The feature film Wonder Woman was praised by many – reviewer Ann Hornaday at The Washington Post was among them. She said the film “…saves the day in more ways than one.” At the same time, David Edelstein of Vulture disagreed: “The gushing reviews of Wonder Woman suggest that people are grading on a big curve, but the limpness of the storytelling is certainly preferable to the whacking pacing of other movies of its ilk.”

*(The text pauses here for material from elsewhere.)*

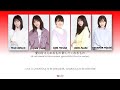 Nogizaka46 乃木坂46 Kimi ni shikarareta 君に叱られた Kan Rom Eng Color Coded Lyrics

Here are two comments from reviews of The Godfather – a film which many consider a “classic”. For Kenneth Turan from the L.A. Times: “The Godfather is overflowing with life, rich with all the grand emotions and vital juices of existence, up to and including blood.” Stanley Kaufmann from The New Republic felt: “Francis Ford Coppola, the director and co-adapter (with Mario Puzo), has saved all his limited ingenuity for the shootings and stranglings…”
Whether you agree or disagree with these opinions is not the point. The point is that they’re opinions. 100% subjective.
Our job as writers is to aim for quality – OUR version of quality. Beyond that, we need to let it go. If you’re working for a show runner or a producer, the task is to lean into their aesthetic and make the work match the standards they set. That doesn’t mean that everybody will love it or appreciate it. We all want to find our audience: the people who appreciate our work. But it’s a mistake to imagine that our audience will include EVERYONE. It’s not possible. IT’S NOT POSSIBLE.
Is it disappointing that there isn’t a world-wide, agreed upon, always-true standard of quality?
Get used to it. Even Shakespeare had detractors. He still does.
I believe you can allow this to liberate you as you step into your writing process. Write to please yourself and your boss (or your producer or your team if you have one). Trust your instincts AND understand that perfection (a word reviewers throw around all the time) is NOT a thing in the world of writing. Or in the world of art. There are no standards to determine that.
What do people think of your writing? Depends on who you ask. There are likely as many thoughts about your writing as there are readers.
Don’t let that prevent you from bravely showing up at the page.
Don’t let that stop you from searching for those who get what you’re up to and really appreciate it.
Your job is to dive into your work. And as you do, let me know how it’s going.